**EXERCISE:** Once you find the line below that has "Unique 8 Sheets", output it and every line after it exactly, stopping after the line that has "A 19th century", with no pictures.

**DATASET EXCERPTS:**
##########
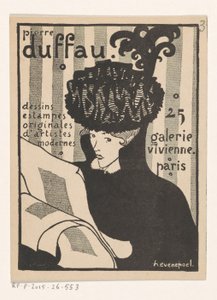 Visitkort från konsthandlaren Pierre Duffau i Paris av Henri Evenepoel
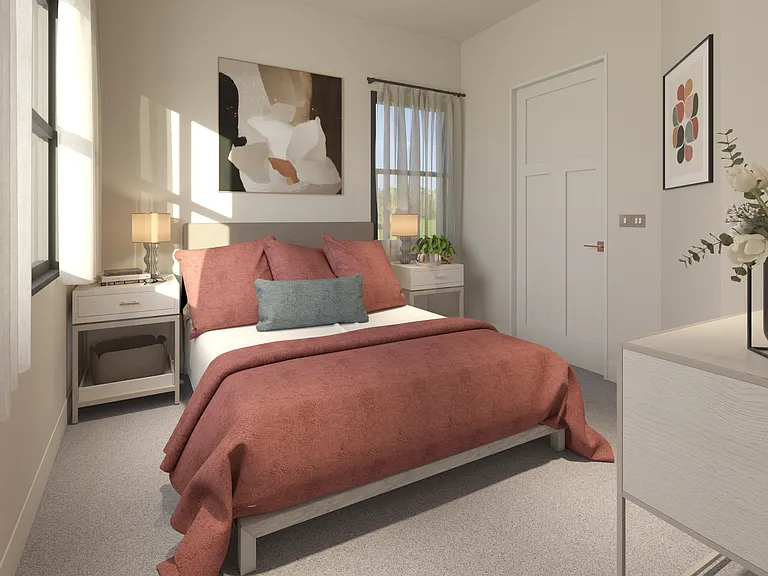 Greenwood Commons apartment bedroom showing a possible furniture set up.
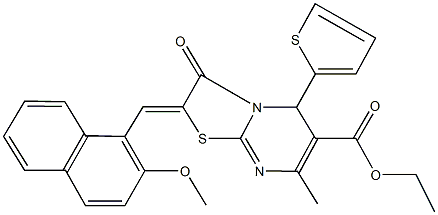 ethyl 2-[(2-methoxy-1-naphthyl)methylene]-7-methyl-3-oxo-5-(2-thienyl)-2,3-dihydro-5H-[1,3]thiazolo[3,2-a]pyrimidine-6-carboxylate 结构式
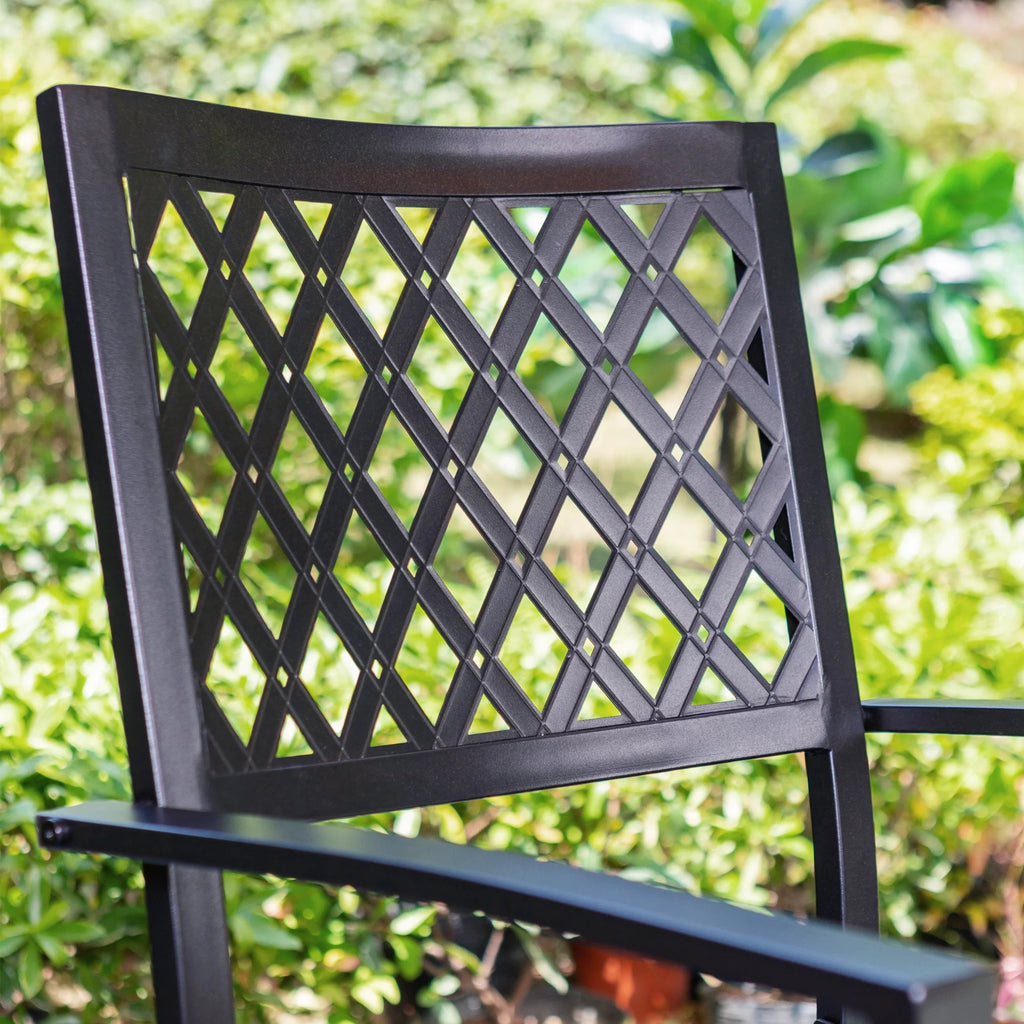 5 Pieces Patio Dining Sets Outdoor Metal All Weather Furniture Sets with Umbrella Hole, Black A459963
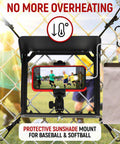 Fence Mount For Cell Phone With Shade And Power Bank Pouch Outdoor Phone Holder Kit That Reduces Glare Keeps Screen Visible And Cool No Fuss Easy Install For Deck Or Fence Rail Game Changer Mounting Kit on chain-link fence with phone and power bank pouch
##########
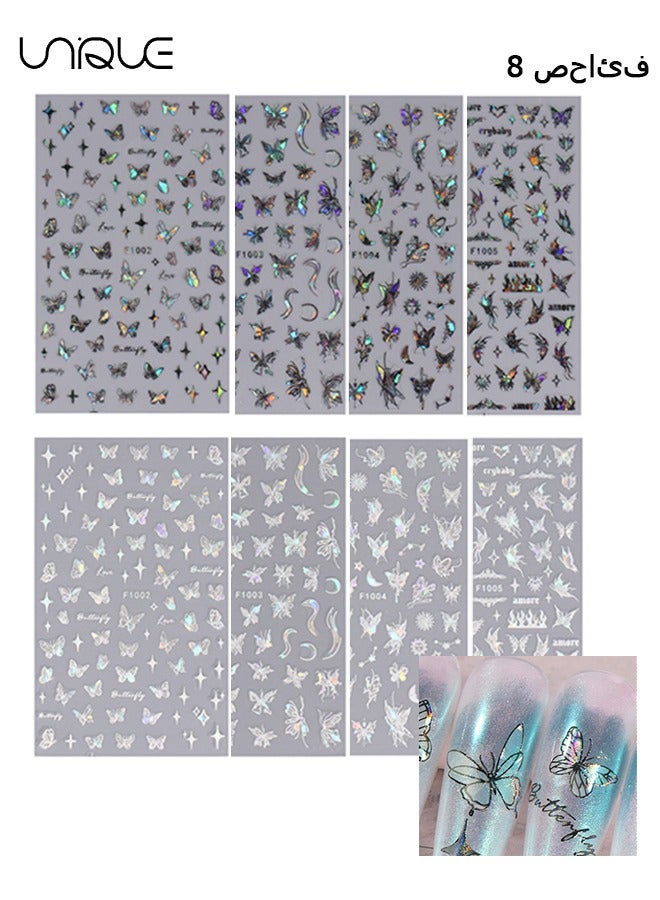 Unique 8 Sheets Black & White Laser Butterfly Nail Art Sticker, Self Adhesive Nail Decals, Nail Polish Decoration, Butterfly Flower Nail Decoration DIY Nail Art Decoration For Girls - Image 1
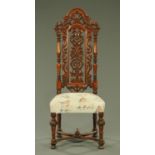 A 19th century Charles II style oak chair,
##########
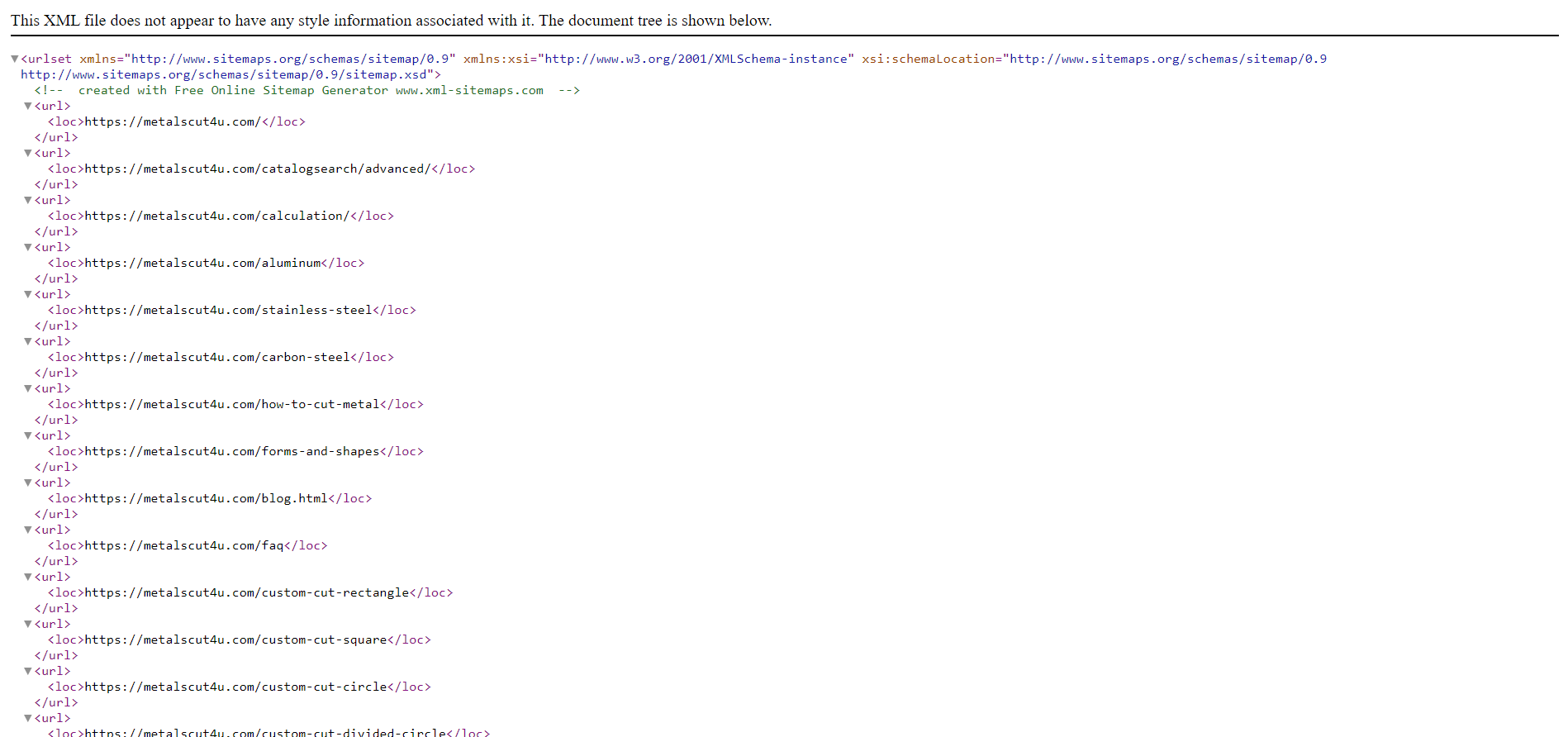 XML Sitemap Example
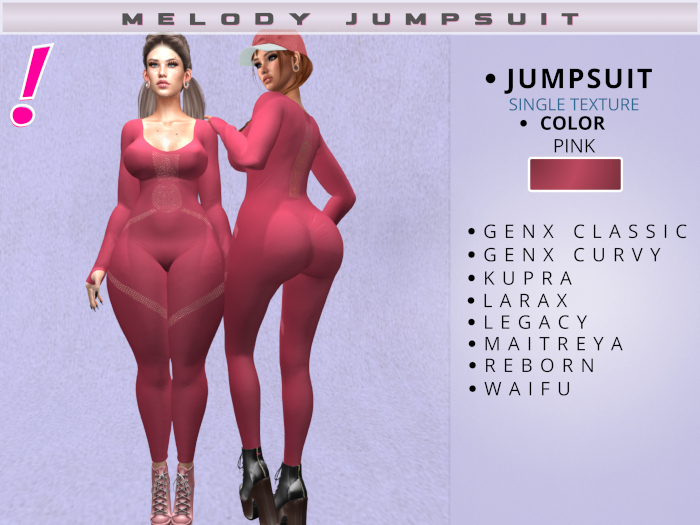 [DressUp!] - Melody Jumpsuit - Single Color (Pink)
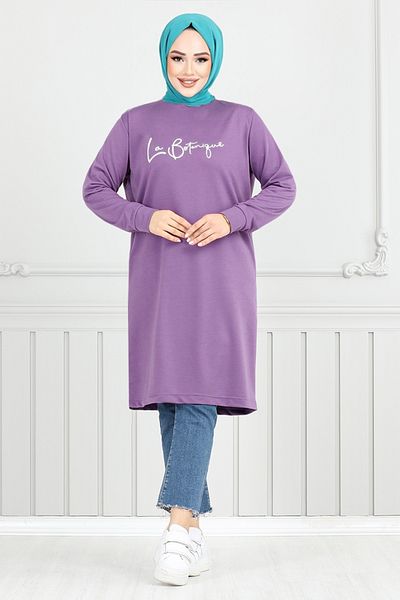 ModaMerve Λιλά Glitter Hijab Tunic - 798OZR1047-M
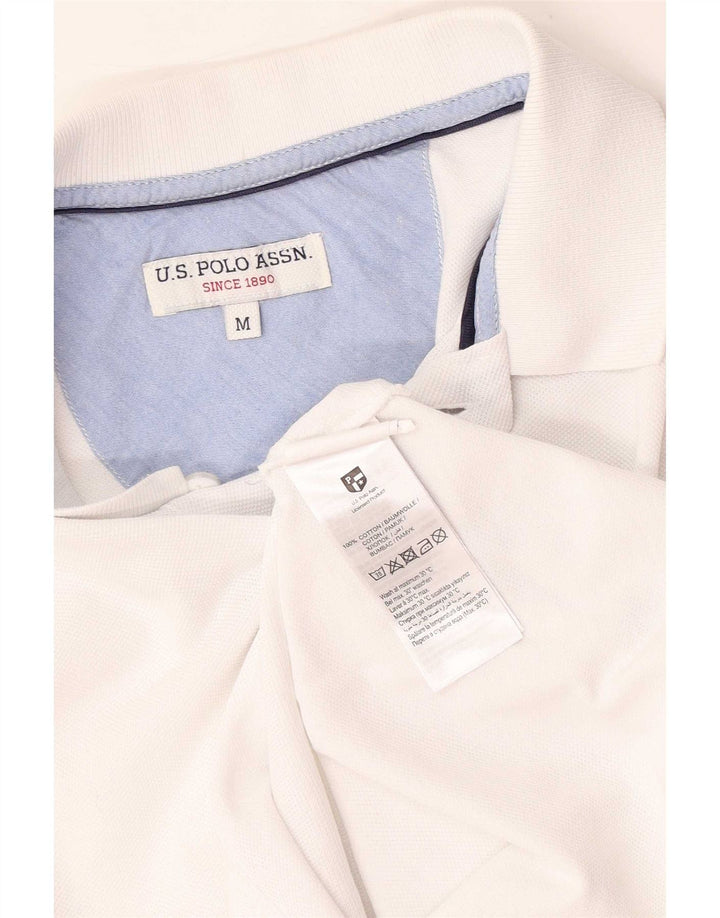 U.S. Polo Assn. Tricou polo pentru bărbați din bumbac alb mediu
##########
**RESPONSE AREA:**
 Unique 8 Sheets Black & White Laser Butterfly Nail Art Sticker, Self Adhesive Nail Decals, Nail Polish Decoration, Butterfly Flower Nail Decoration DIY Nail Art Decoration For Girls - Image 1
 A 19th century Charles II style oak chair,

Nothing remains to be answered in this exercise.